Après une scène d’incendie qui marque la détresse de la mère et les espoirs de la fille, le premier rôle de Marilyn actrice de cinéma, dans "Les Reines du music-hall" de Phil Karlson (1948), permet au metteur en scène de poser la quête du père comme traumatique, avec la chanson Every Baby Needs a Da-Da-Daddy" (traduisez « chaque bébé a besoin d’un papa »). Composant nombre de scènes glaçantes, en rendant machinale la supposée audition avec Darryl F. Zanuck, ou grâce au simple positionnement des applaudissements d’une foule à l'ampleur inutile, lors de la prise avec la jupe soulevée par l'air de la bouche de métro sur le tournage de "Sept ans de réflexion", le metteur en scène parvient à créer un véritable malaise. Mais que penser de la rencontre ultra sécurisée avec Kennedy, résumée à une scène dont la frontalité apparaît comme gratuite ? Et même si on voit bien là un résumé des « couleuvres » que la femme a dû avaler, la vision d’une main baladeuse d’un producteur lors d’une Première, suivie sans transition des cris de l’actrice lors d’un tournage, exprime un état de faits bien plus efficacement.

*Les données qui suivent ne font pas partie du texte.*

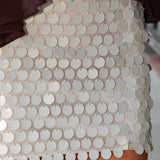 A close-up of a white beige sequined mini skirt covered in overlapping round silver discs, worn with a dark sheer top.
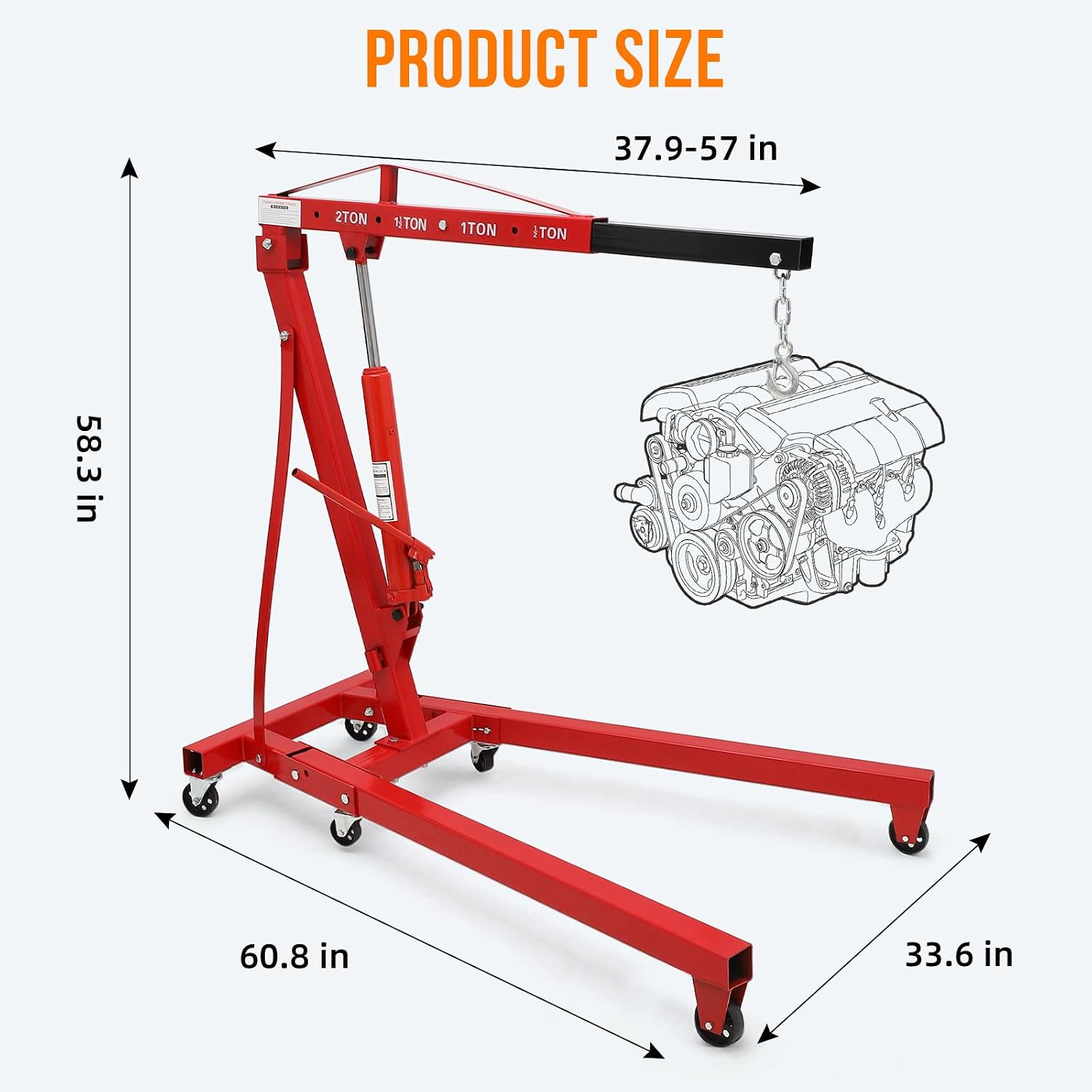2 Ton Heavy Duty Folding Engine Hoist, Hydraulic Cherry Picker with Casters, Telescopic Boom for Workshop Garage Auto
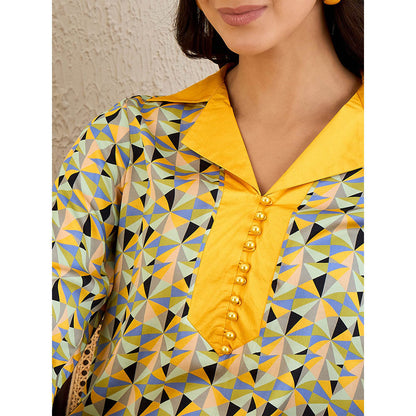 First Resort by Ramola Bachchan Primrose Yellow And Black Geometric Print Co-Ord (Set of 2)
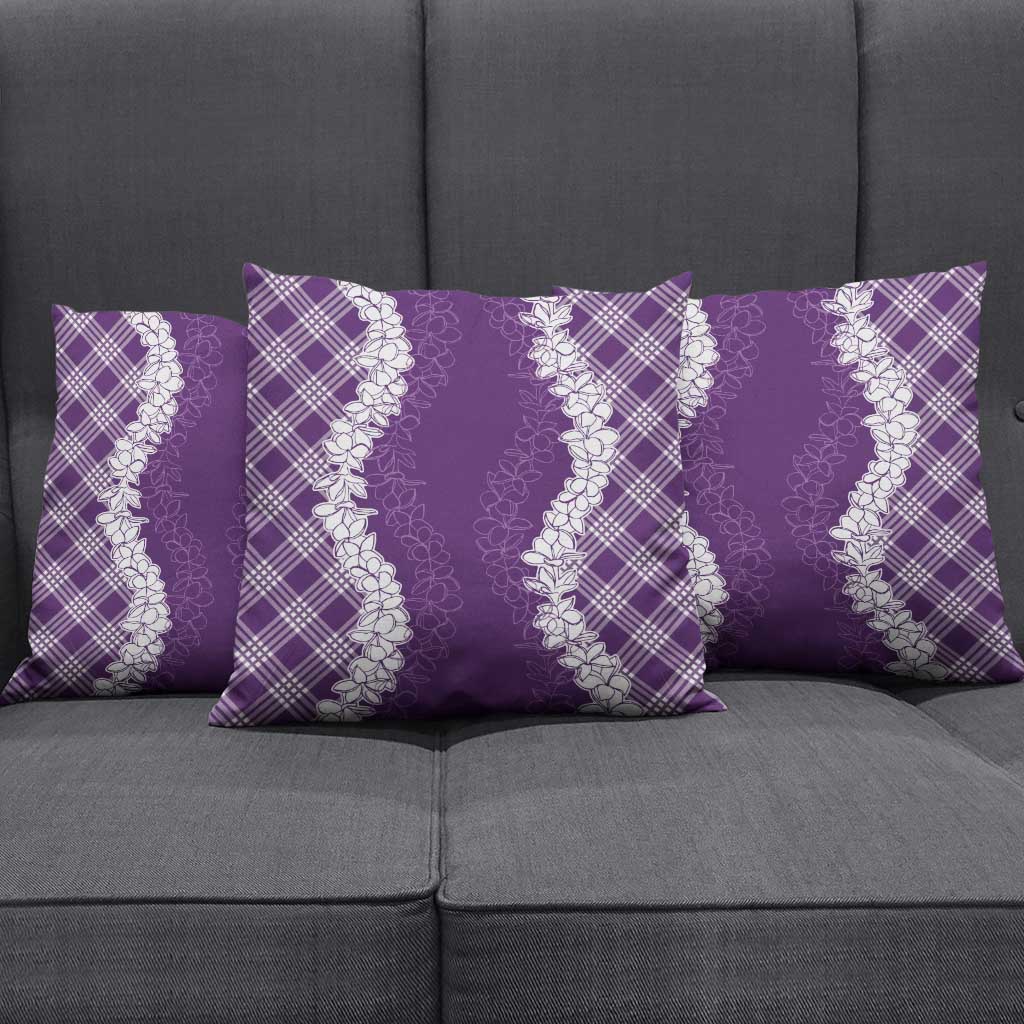 Hawaii Aloha Plumeria Lei Violet Palaka Pillow Cover - Polynesian Pride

"Blonde" sera donc loin de faire l’unanimité, même si le film s’attache fort justement à montrer les dérives du « male gaze » comme forme de domination permanente. Multipliant les audaces et les dispositifs visuels, Andrew Dominik impressionne par sa mise en scène, comme par les correspondances qu’il crée au montage, opposant de plus en plus frontalement les élans de la vie privée et les sacrifices liés à la carrière. La violence d’une phrase, « pour ça tu as tué ton bébé », restera ainsi longtemps gravée dans l’esprit du spectateur. S’attachant à montrer également les préjugés sur l’intelligence de la femme (« je ne suis pas une star, je suis une blonde »), le scénario offre peu d’éclaircies dans ce parcours hors normes, allant jusqu’à imaginer des dialogues maladroits entre Marilyn et son fœtus. La seule éclaircie viendra finalement de sa liaison avec le fils Chaplin et son ami, la représentation du triangle amoureux et surtout de la découverte du plaisir féminin, avec les corps étirés devenant des sortes de volutes, s’avérant des plus troublantes. Alors à vous de vous faire un avis, face à ce partiellement faux biopic doté d’une actrice grandiose, Ana de Armas, autant à part sur la forme qu’il est impactant sur le fond. Une chose est sûre, vous n’en sortirez pas indemne.